§ Records for this exercise:
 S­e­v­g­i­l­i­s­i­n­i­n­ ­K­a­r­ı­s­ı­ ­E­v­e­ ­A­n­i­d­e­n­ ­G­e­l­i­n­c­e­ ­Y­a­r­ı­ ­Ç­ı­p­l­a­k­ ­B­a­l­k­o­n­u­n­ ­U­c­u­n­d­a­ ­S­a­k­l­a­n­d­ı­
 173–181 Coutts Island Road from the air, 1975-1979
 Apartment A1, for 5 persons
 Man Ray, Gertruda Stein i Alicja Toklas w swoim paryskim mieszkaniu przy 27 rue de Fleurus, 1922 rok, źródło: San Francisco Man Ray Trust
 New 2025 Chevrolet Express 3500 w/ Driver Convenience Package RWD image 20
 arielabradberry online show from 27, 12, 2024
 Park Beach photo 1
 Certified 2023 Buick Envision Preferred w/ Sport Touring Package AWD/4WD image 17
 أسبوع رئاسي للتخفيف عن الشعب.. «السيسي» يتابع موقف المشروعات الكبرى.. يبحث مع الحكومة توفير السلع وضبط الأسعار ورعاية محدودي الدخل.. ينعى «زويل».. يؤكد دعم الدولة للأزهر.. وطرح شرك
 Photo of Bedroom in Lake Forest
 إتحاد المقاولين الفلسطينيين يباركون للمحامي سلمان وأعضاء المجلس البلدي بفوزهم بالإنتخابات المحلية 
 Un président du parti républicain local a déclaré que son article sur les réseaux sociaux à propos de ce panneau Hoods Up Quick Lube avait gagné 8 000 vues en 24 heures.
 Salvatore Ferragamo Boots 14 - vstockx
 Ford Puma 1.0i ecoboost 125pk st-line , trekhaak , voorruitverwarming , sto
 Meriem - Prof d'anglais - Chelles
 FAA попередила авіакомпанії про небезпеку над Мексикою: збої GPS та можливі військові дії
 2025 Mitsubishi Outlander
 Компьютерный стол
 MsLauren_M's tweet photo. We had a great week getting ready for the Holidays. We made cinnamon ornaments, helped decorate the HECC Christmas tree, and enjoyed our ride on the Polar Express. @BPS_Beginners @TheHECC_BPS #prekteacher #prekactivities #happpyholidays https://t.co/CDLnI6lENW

§ Task description:
Reproduce every line of the material above that has the string "image".

§ The answer:
 New 2025 Chevrolet Express 3500 w/ Driver Convenience Package RWD image 20
 Certified 2023 Buick Envision Preferred w/ Sport Touring Package AWD/4WD image 17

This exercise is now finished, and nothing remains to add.